Capítulo. 30

—De acuerdo, me quedó claro que haces más ejercicio que yo —resopla Iara, deteniéndose de golpe para abanicar con sus manos su cara. 

Una de las primeras cosas que decidímos hacer juntos es correr y el parque de Deya es perfecto al ser la antesala a un bosque de cipreses. Hay espacio para correr, andar en bicicleta, tiene juegos para niños, mesas junto a parrillas, un lago artificual, una fuente y hasta un campo de fútbol. Me gusta. Me encanta. Vendré a correr todos los días. 

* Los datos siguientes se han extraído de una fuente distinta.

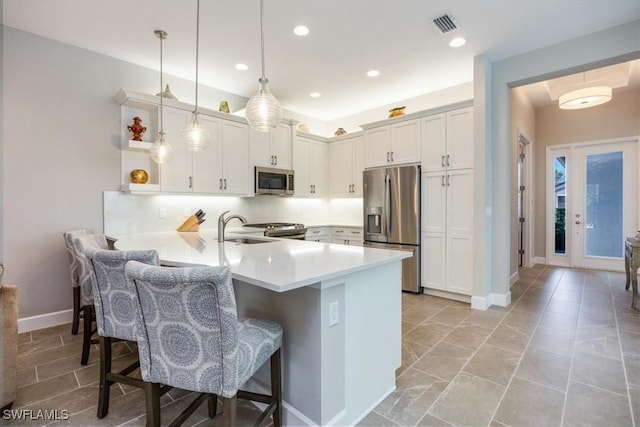 kitchen featuring visible vents, a kitchen bar, a peninsula, stainless steel appliances, and a sink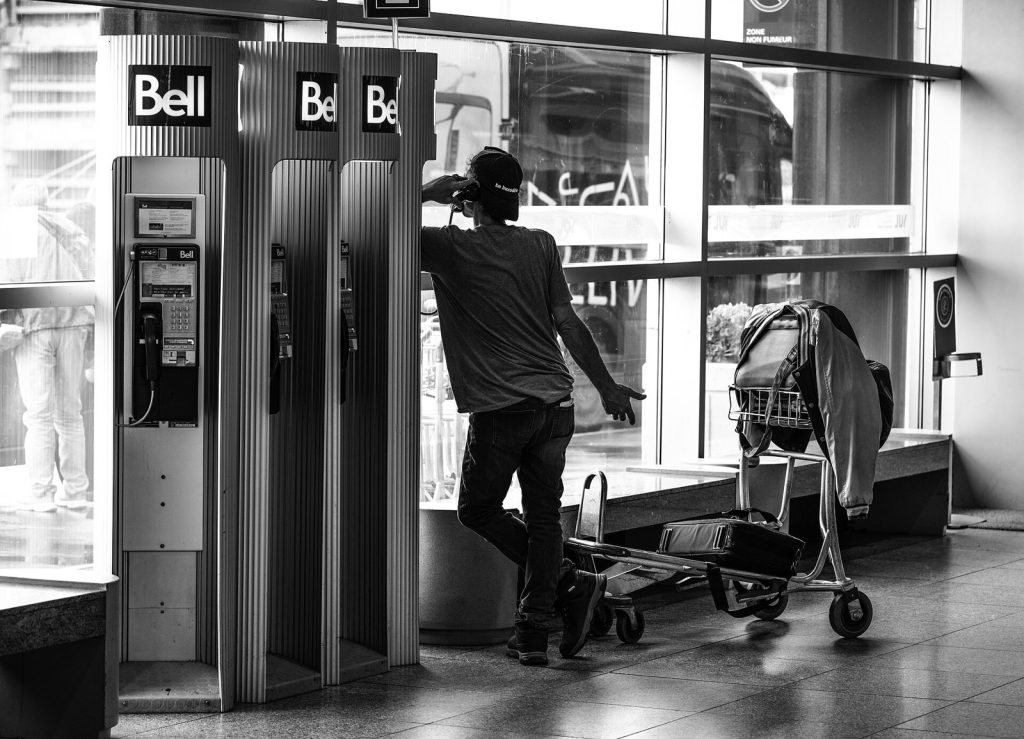 Man using a Bell public telephone beside a luggage cart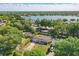 Aerial view of a single-story home with a view of a lake and lush greenery at 1005 Catalpa Ln, Orlando, FL 32806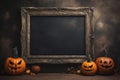 Blank frame for text with small pumpkins in front of black wall. Halloween holiday, autumn concept Royalty Free Stock Photo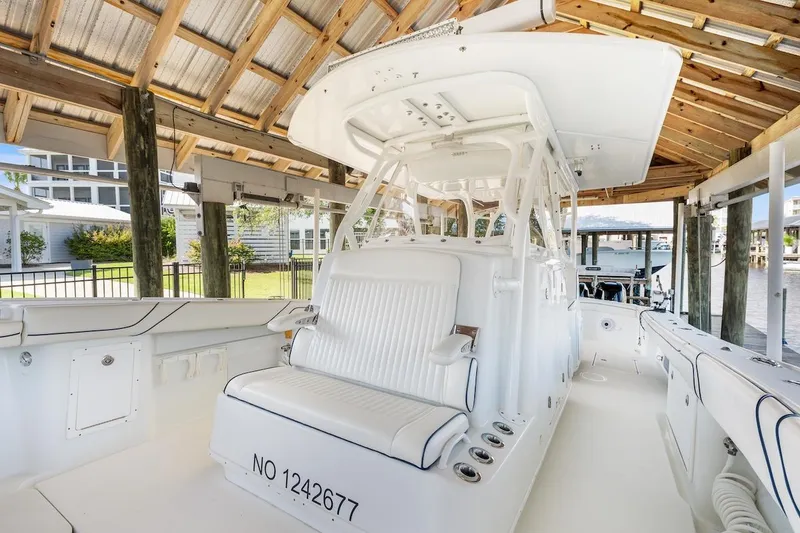 Slide: The Image of 2015 Yellowfin 39 boat docked under wooden shelter, featuring spacious seating and sleek design. - 29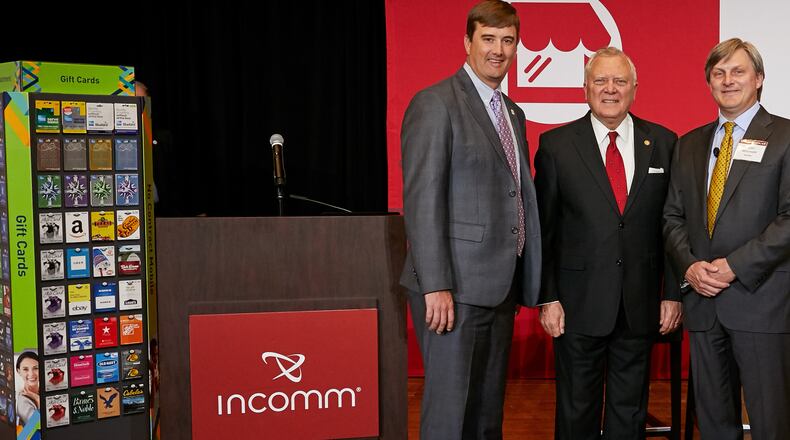 From left: Bert Brantley, chief operating officer at the state Department of Economic Development, Gov. Nathan Deal and Scott Meyerhoff, COO and chief financial officer of InComm.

Y aunque me había adelantado algunos metros, regreso por Iara. 

—Hice tres cosas después de que me dejó mi ex —le platico, sin dejar de mover mis pies y agitar mis manos para no enfriarme— me compré cuatro trajes completos de los más caros, un PlayStation y me anoté en un buen gimnasio. Tuve entrenador, plan de dieta y todo. Salvo por el PlayStation, que lo adquirí por capricho, mi intención fue  verme mejor y sentirme mejor. 

—¿Funcionó? —pregunta ella, aún sofocándose.

—No, pero... 

Trato de explicarme mejor cuando ella empieza a reír. —Ay, Armando.

—Es decir, sí —aclaro—. Sí me ví mejor... Pero no me sentí mejor. Era el mismo imbécil de siempre. 

—No puedo creer que hayas soportado a un entrenador —protesta, colocando sus manos sobre sus rodillas. Le falta condición física. No me sorprende, previamente me explicó que para todo usa el coche.

—Entrenadora —me corrijo—. Y lo hice porque es una mujer increíblemente guapa —admito sonrojándome, aunque a Iara no le incomoda que tenga testosterona acumulada—. No podía decir no a su rutina. Quizá iba al gimnasio sólo para verla a ella.

—Eres un cabrón —me regaña, pero está sonriendo.

—Hey, es la naturaleza del macho, diría un amigo —Levanto un poco mi camisa y le muestro mi abdomen—. Perdió firmeza porque dejé de ir, pero aún se ve bien... Creo. 

—Y se siente bien —Está de acuerdo ella—. ¿Por qué dejaste de ir? 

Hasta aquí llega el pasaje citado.